WHAT NEEDS TO BE DONE: Please restate word for word each line from the one containing "Rookie FX Derek" to the last line of the records below, and drop the pictures.
"""
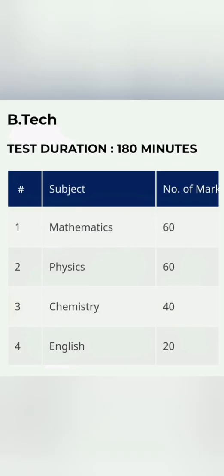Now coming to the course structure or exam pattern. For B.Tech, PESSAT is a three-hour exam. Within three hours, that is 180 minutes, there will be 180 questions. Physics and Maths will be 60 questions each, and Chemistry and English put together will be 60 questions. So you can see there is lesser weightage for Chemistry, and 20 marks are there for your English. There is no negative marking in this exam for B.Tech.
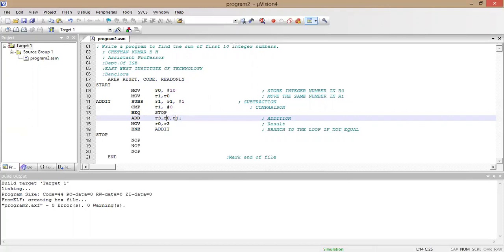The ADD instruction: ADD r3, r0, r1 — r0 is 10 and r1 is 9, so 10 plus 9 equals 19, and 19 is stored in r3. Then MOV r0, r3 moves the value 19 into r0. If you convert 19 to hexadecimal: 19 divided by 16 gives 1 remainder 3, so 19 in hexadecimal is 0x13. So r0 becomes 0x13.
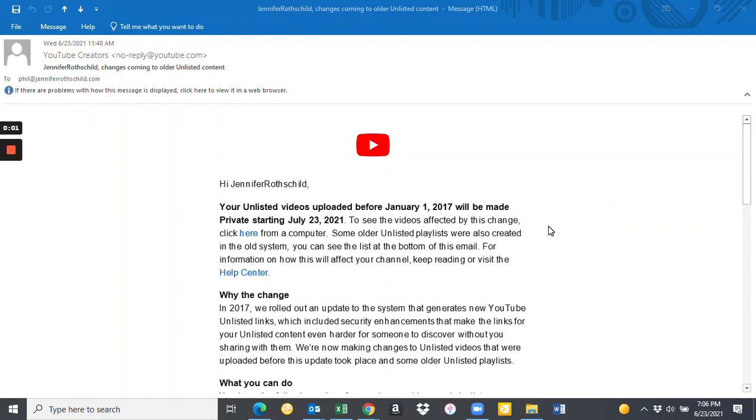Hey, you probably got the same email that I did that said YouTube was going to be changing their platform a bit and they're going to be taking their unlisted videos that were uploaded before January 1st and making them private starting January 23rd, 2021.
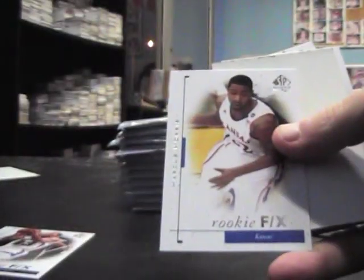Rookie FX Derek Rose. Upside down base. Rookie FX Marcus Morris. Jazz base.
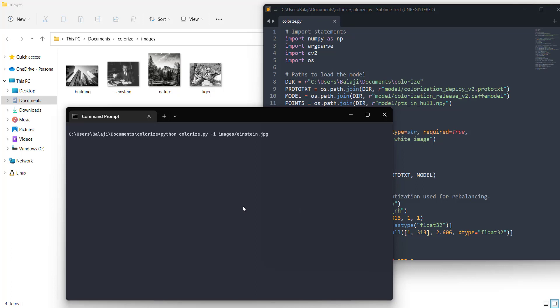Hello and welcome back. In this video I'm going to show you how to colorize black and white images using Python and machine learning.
"""
FINISHED EXERCISE:
Rookie FX Derek Rose. Upside down base. Rookie FX Marcus Morris. Jazz base.
Hello and welcome back. In this video I'm going to show you how to colorize black and white images using Python and machine learning.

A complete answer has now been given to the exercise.